# 3B released



## wings1 (25 Jul 2018)

Maybe someone can enlighten me a bit on how things work . I was 3B released as of yesterday . I started a course in may which runs until November  at a school that is two hours from my place of residence . I stay at a boarding house from Monday to Thursday night in the area but have to come home on Thursday night and return Sunday night as they will only pay for those nights for me to be there . its costing me any where from 100.00 to 150.00 per week for gas which they say they will not reimburse me for . Has anyone else run into this where they don't cover a full week board and I am pretty much forced to make the trip home and back if I want a bed to sleep in .


----------



## Teager (26 Jul 2018)

What program are you under SISIP or VACs?


----------



## wings1 (26 Jul 2018)

I am under sisip


----------



## Teager (27 Jul 2018)

It looks like Sisip is following this rule.
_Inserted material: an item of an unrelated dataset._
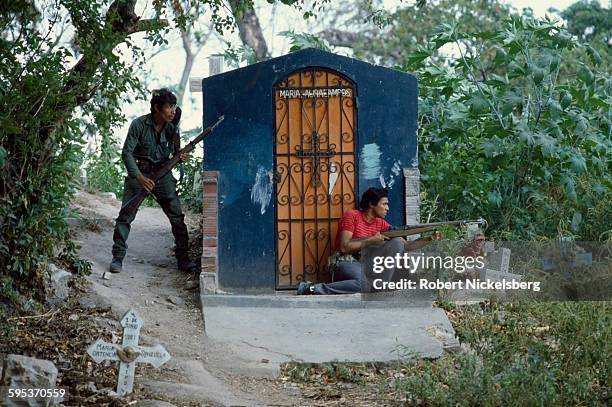Salvadoran Army soldier and a member of a civil defense militia take cover in a neighborhood cemetery during combat , San Salvador, El Salvador,...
> If dual residency is approved then TA to return home on weekends will not be supported.



https://www.sisip.com/en/insurance/long-term-disability/vocational-rehabilitation-program


----------



## kratz (27 Jul 2018)

I was approved DR under the SISIP program and chose to pay the $900 month for room and board, for each academic year. 

SISIP does fund $560, but the I was responsible to pay:
- $140 month income tax on the $560 and
- $340 month for the room and board cost above what SISIP pays.

When approved for DR, SISIP does pay for two round trips per academic year, from your primary residence to your school.
- 1 trip to begin / end the academic year
- 1 trip for the Christmas break
Any other travel (weekends, Thanksgiving ect…) was my own choice and expense.

**Note: If your education includes a co-op, that includes mandatory travel. Request pre-approval, 
be prepared to provide the required information (dates, mileage, purpose, ect…) and it should be approved as a separate benefit.


----------